I think for now I'll put study notes on this private blog. That seems like the best way forward.
Today I read a booklet from 2001 called The New Movements: a Theological Introduction. It was by Ian Ker, which is the reason I read it, because it is one of the few books of his that are available for lending at the Archive.
I knew about Ian Ker before, and have even read his book Newman on Vatican II. Most recently I was reading the study notes of Ralph McInerny's lectures on Newman and Kierkegaard, and he recommended Ker's work in these terms:
Father Ian Ker is the foremost Newmanian of our times and has produced a large and small biography as well as editions of key works of the great cardinal. You might wish to wallow in the large biography of Newman by Ker published by Notre Dame Press in 1988.
I'm guessing this is the book, a leisurely 762 pages, but it is currently unavailable.
The New Movements was a quick read and rather interesting. Here is the list of movements he was specifically focused on post-Vatican-II, though he refers to others during the history of the Church: the original hermits and monastics, then the mendicant orders in the middle ages (Franciscans and Dominicans), then the Jesuits and Redemptorists in the Counter-Reformation.
His main point is that, in the words of the Catechism, the Church is Marian before it is Petrine, and since the essential attribute of the Church is its guidance by the Holy Spirit, the Church operates more essentially by charism than by its hierarchical structure. This is not to say that the clerical orders are unimportant -- obviously they are central. The Pope is the successor of Peter and the Vicar of Christ; the bishops are the successors of the apostles. The Church could not go on without them.
Rather, he is offering a corrective to the dichotomy of two unbalanced views. One is to perceive the Church as a pyramid -- the pope at the pinnacle, then the bishops, then the priests, then the rest of us -- with the consecrated religious probably somewhere between the priests and the rest of us. Lumen Gentium corrected this with its emphasis on the "People of God" as a whole, prior to distinctions. But people tended to simply invert the pyramid, defining the People of God as the laity simply, and reimagining the role of the clergy as a sort of public servant more or less as in modern democracies. Then there were protests about why all the power roles seemed to be in the hands of mostly white bachelor men.

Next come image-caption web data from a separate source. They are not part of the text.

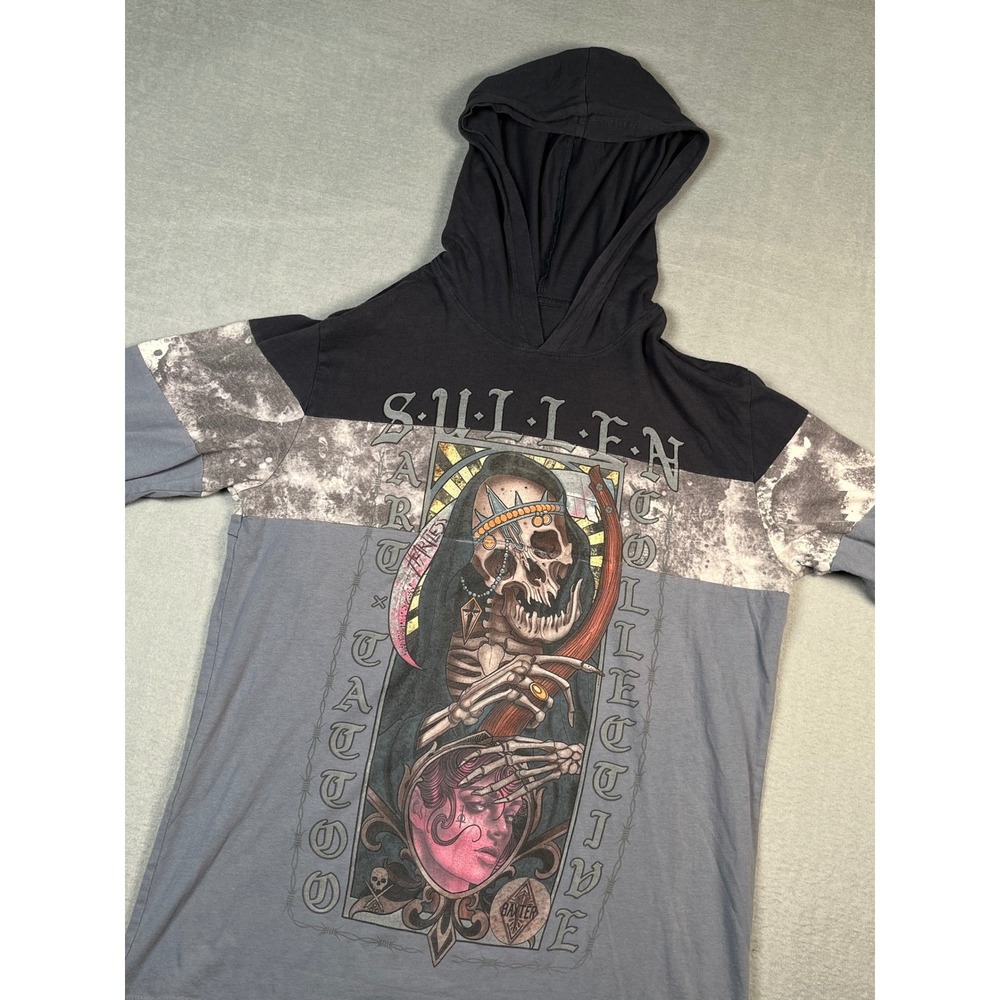 Sullen Art Collective Skull Reaper Goth Emo Hoodie Long Sleeve T Shirt medium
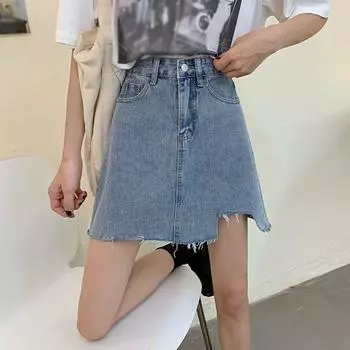 Джинсовая юбка, юбка-трапеция с высокой талией, тонкая короткая юбка, летняя женская сумка, юбка на бедрах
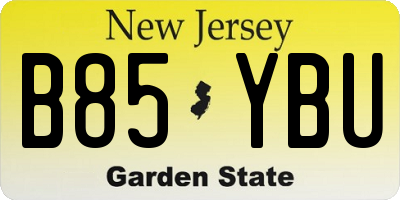 NJ license plate B85YBU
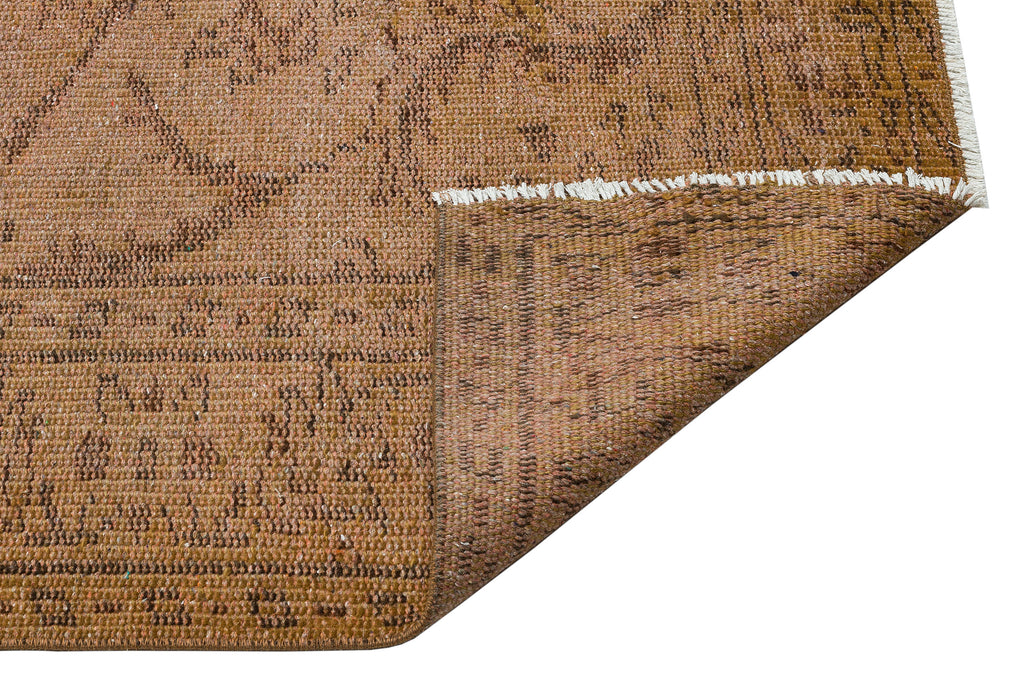 Traditional Deasign Brown Over Dyed Vintage Rug 5'7'' x 9'6'' ft 169 x 289 cm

This is not the way to conceptualize the Church, as Ker notes, and it is also historically skewed. The only purely human person essential to the Church was Mary. Peter was chosen as the Rock, but it was John the beloved disciple that stood by the Servant at the foot of the Cross. Ever since then, whatever list you make of the most influential figures in Church history, the Popes won't necessarily be at the top of the list, nor the bishops. If they are, it is because of their charism, not their official position per se.
Ker points to various burgeoning and lively, though not necessarily problem-free, modern movements. Chiara Lubich founded the Focolare Movement, Luigi Guissani the Communion and Liberation Movement, Jean Vanier the L'Arche Movement, Dorothy Day the Catholic Worker Movement. Three of these were laity. Others he mentions are: the Faith Movement, the Ascent Movement, the Cursillos, the Catholic Charismatic Movement. He doesn't even get to the Legion of Mary, founded by Frank Duff, probably because it was founded earlier in 1921 (and similarly he doesn't actually mention Dorothy Day). He does refer to Opus Dei, which has a more formal structure and is the only one in this list headed by a priest who has now been canonized.
He notes that Mother Teresa's vocation has been more pivotal to the Church than almost anyone's in the 20th century. The point is that the Holy Spirit moves where it wills.
I also note some of the visionaries of approved apparitions, and many other people who didn't found a movement, but did heroic work for the Church, often struggling against many misunderstandings and much opprobium. TI comes to mind -- deserted by her husband, bringing up several daughters and also starting a crisis pregnancy center. Also KL here, active in anti-abortion protests and spearheading the call for a Traditional Latin Mass in CA, while taking care of various adopted children, grandchildren and step-grandchildren.
One final note, in rather a minor or dissonant key -- several of these movements have been embroiled in controversy due to abuse in their history. In the case of Vanier, the founder himself was abusive; in other cases, the abuse involves other authority figures besides the founder. This seems to be only a recently recognized downside of these more free-flowing, charismatic movements -- they may attract and enable predators, though certainly no organization that deals with vulnerable people is exempt from the danger.